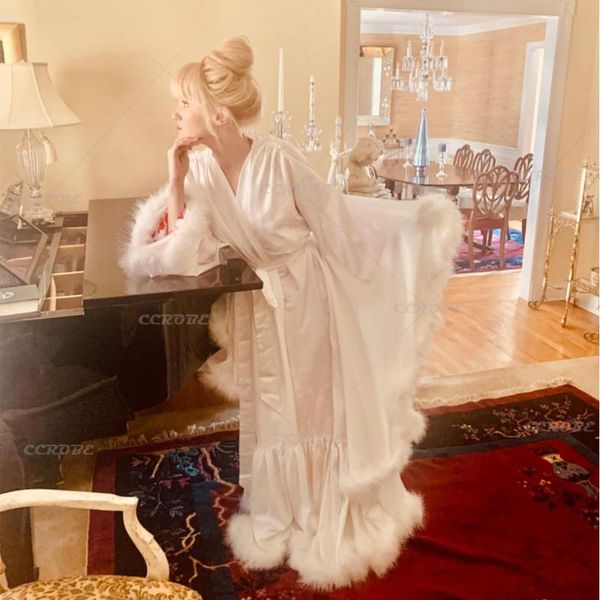 women's sleepwear women feather robes flare sleeves bridal lingerie boudoir maxi wedding dressing gown pregnancy po shoot dress, Black;red
women's sleepwear women feather robes flare sleeves bridal lingerie boudoir maxi wedding dressing gown pregnancy po shoot dress, Black;red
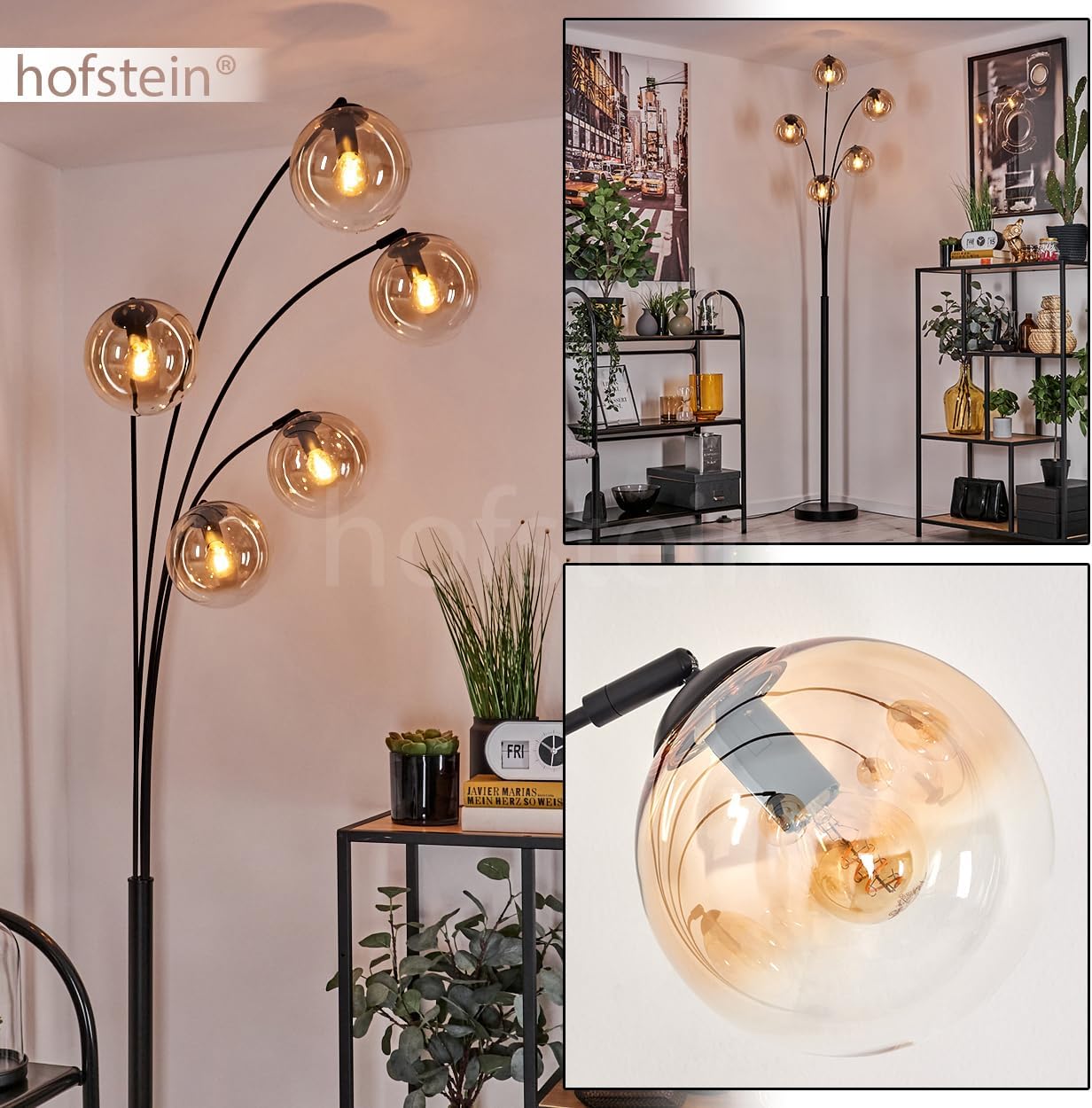 Stehleuchte Gastor, Stehlampe aus Metall/Glas in Schwarz/Bernsteinfarben/Klar, Leuchte im Retro/Vintage-Design mit Schirmen aus Glas (Ø 15 cm) u. Fußschalter, Höhe 210 cm, 5 x E14, ohne Leuchtmittel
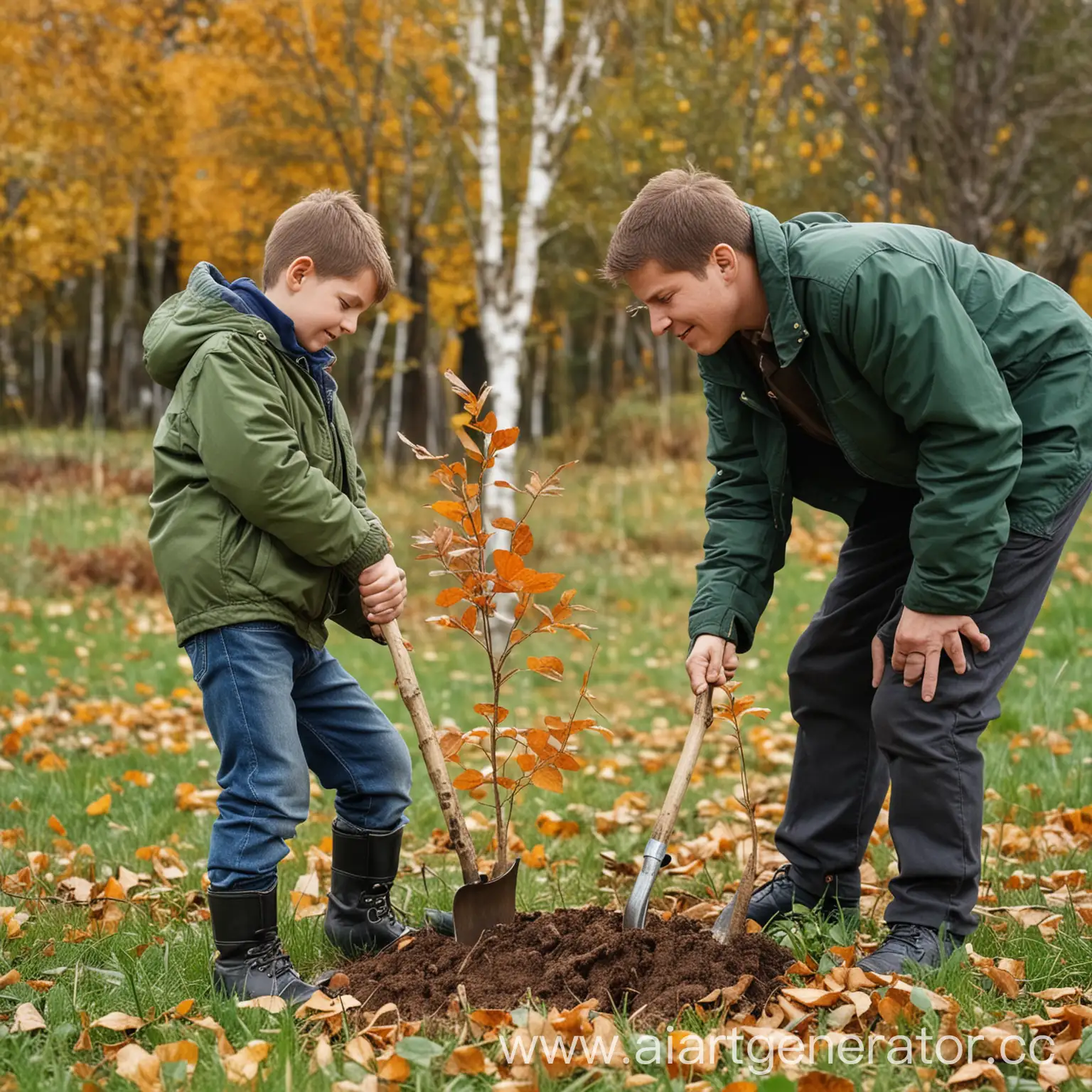 Реальная фотография. Осень. Папа и мальчик сажают дерево в парке. Помогают природе. Папе 37 лет. Он держит лопату. Мальчику 11 лет. Он держит саженец берёзы. На мальчике зеленая куртка. На папе коричневая куртка. На заднем плане другие люди. Они тоже сажают деревья и кусты.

◆ WORK INSTRUCTION:
Return each line of the material exactly as written; exclude the pictures.

◆ YOUR RESPONSE:
 women's sleepwear women feather robes flare sleeves bridal lingerie boudoir maxi wedding dressing gown pregnancy po shoot dress, Black;red
women's sleepwear women feather robes flare sleeves bridal lingerie boudoir maxi wedding dressing gown pregnancy po shoot dress, Black;red
 Stehleuchte Gastor, Stehlampe aus Metall/Glas in Schwarz/Bernsteinfarben/Klar, Leuchte im Retro/Vintage-Design mit Schirmen aus Glas (Ø 15 cm) u. Fußschalter, Höhe 210 cm, 5 x E14, ohne Leuchtmittel
 Реальная фотография. Осень. Папа и мальчик сажают дерево в парке. Помогают природе. Папе 37 лет. Он держит лопату. Мальчику 11 лет. Он держит саженец берёзы. На мальчике зеленая куртка. На папе коричневая куртка. На заднем плане другие люди. Они тоже сажают деревья и кусты.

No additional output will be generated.